The auction is the most popular part of a visit: it begins at 5:00 am, and things are generally wrapped up by 1:00 pm. It's busiest between 5:30 and 8:00 am, and tourists may visit the market daily, between 5:00 am and 6:15 am, and watch the proceedings from a designated area.

Contributor: Caroline Duterque from jackandferdi.com

#7 Tokyo Hot Springs

Japan is one of the most volcanically active places on Earth. As a result, the country is rich in rejuvenating natural hot springs and mineral resources, which have played an important role in the traditions and culture of its people for centuries. Today, these natural hot baths are the pinnacle of luxurious relaxation.

Niwa no Yu includes separate male and female onsen and outdoor jacuzzis surrounded by Japanese gardens. The water is rich in sodium chloride, a salt rumored to ease muscle pain and joint stiffness. If all the relaxation builds your appetite, there’s a restaurant on the premises. It’s a very adult-friendly environment, and children under the age of 13 are not allowed. Now, all you have to do is settle into your Shangri La.

Contributor: Caroline Duterque from jackandferdi.com

#8 SkyTree, Tokyo

The Skytree absolutely dominates the Tokyo skyline, which in the world's most populous city and full of skyscrapers, the tower is truly a star-scraper. The world's second tallest structure has an observation deck 1,480 feet above the ground; that is more than a quarter of a mile from terra firma.

The tower's structure is cylindrical to offer panoramic views of the river and the city. There are observatories at 350 meters (1,150 feet), with a capacity of up to 2,000 people, and 450 meters (1,480 feet), with a capacity of 900 people. The upper observatory features a spiral, glass-covered skywalk in which visitors ascend the last 5 meters to the highest point at the upper platform.

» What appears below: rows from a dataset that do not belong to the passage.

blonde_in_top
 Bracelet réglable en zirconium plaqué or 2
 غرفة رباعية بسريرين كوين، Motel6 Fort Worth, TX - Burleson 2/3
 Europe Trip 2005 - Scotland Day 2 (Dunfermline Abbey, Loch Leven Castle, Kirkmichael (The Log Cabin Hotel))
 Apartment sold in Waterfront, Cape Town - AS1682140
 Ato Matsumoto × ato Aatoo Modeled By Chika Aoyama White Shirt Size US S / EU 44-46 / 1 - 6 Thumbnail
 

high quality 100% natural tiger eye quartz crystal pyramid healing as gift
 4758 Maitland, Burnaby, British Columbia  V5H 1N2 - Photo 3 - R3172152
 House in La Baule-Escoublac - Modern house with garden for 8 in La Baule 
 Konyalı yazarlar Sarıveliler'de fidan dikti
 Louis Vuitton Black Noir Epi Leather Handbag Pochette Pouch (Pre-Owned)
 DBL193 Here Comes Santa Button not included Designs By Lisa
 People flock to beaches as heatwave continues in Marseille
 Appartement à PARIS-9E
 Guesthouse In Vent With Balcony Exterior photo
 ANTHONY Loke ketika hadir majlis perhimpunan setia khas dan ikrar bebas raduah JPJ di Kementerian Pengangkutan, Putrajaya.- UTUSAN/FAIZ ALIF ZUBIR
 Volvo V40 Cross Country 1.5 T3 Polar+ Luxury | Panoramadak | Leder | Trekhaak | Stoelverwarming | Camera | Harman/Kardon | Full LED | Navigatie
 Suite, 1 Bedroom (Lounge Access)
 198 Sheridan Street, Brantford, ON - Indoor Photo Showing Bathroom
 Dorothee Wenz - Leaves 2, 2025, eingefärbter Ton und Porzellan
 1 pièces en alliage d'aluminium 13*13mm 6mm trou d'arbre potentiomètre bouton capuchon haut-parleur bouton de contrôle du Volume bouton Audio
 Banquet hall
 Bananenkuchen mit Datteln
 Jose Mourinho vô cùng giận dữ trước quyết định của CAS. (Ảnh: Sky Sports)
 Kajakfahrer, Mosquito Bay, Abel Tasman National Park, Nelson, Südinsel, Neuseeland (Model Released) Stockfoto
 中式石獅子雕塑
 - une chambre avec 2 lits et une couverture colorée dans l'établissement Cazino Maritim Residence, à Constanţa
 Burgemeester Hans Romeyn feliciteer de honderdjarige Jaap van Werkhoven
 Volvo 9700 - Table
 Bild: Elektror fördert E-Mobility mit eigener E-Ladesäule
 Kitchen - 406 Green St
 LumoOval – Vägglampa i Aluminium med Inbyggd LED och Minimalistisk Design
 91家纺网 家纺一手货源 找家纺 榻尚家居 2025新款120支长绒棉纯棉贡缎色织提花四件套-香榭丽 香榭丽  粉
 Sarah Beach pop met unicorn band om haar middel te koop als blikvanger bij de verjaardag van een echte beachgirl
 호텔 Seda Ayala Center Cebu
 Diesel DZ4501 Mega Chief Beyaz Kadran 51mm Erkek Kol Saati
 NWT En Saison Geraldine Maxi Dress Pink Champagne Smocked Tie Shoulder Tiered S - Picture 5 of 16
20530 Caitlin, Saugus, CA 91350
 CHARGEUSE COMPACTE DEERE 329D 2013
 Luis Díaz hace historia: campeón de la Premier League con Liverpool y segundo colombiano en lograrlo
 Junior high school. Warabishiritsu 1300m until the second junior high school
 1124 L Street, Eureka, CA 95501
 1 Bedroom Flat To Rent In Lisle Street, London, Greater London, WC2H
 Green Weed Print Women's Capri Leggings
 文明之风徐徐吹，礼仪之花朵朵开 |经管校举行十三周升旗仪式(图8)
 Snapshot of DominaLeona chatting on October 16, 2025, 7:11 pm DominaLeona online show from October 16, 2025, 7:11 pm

A section of glass flooring gives visitors a direct downward view of the streets below.

Contributor: Caroline Duterque from jackandferdi.com

#10 Hokkaido Region

For year-round natural beauty, head to Hokkaido. In summer, you can hike mountain trails, discover icy-blue ponds, and see fields of flowers that extend to the horizon. Check out the Furano and Biei region at this time. In winter, Hokkaido becomes one of the world's top snow destinations. A white wonderland, powder-enthusiasts from around the world flock to northern Japan for fun on the slopes. Niseko is a popular destination, with nightlife and foreign language assistance. But if you're looking for something a little less touristy, try Rusutsu.